● **Exercise requirements**
After locating the line that holds "Bình Định:Trong 48", transcribe it and each following line to the end of the records, changing nothing and adding nothing.

===

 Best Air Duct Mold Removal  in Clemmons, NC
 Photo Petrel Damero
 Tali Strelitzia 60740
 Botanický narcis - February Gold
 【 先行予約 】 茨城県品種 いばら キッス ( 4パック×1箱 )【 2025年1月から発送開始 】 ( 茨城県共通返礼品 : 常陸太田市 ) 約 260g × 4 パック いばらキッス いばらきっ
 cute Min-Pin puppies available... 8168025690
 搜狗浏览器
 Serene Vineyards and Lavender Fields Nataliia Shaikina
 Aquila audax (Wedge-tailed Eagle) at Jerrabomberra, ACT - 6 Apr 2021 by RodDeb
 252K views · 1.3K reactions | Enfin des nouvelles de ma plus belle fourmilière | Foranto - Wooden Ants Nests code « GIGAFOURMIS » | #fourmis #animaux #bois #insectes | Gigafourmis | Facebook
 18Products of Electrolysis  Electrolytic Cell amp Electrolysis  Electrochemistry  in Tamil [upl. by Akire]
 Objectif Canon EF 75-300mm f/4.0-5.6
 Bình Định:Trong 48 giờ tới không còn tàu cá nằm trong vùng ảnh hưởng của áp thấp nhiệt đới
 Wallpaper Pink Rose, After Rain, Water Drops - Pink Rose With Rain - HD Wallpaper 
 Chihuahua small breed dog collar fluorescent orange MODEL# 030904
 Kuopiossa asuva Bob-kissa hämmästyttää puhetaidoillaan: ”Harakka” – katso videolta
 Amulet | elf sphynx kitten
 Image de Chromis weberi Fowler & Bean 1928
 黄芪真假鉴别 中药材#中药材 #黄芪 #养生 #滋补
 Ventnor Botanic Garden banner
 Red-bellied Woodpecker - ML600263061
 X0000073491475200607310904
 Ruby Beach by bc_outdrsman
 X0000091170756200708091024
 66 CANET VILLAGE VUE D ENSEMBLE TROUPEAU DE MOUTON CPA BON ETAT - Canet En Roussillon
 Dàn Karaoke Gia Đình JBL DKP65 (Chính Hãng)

===

● **Task output**
 Bình Định:Trong 48 giờ tới không còn tàu cá nằm trong vùng ảnh hưởng của áp thấp nhiệt đới
 Wallpaper Pink Rose, After Rain, Water Drops - Pink Rose With Rain - HD Wallpaper 
 Chihuahua small breed dog collar fluorescent orange MODEL# 030904
 Kuopiossa asuva Bob-kissa hämmästyttää puhetaidoillaan: ”Harakka” – katso videolta
 Amulet | elf sphynx kitten
 Image de Chromis weberi Fowler & Bean 1928
 黄芪真假鉴别 中药材#中药材 #黄芪 #养生 #滋补
 Ventnor Botanic Garden banner
 Red-bellied Woodpecker - ML600263061
 X0000073491475200607310904
 Ruby Beach by bc_outdrsman
 X0000091170756200708091024
 66 CANET VILLAGE VUE D ENSEMBLE TROUPEAU DE MOUTON CPA BON ETAT - Canet En Roussillon
 Dàn Karaoke Gia Đình JBL DKP65 (Chính Hãng)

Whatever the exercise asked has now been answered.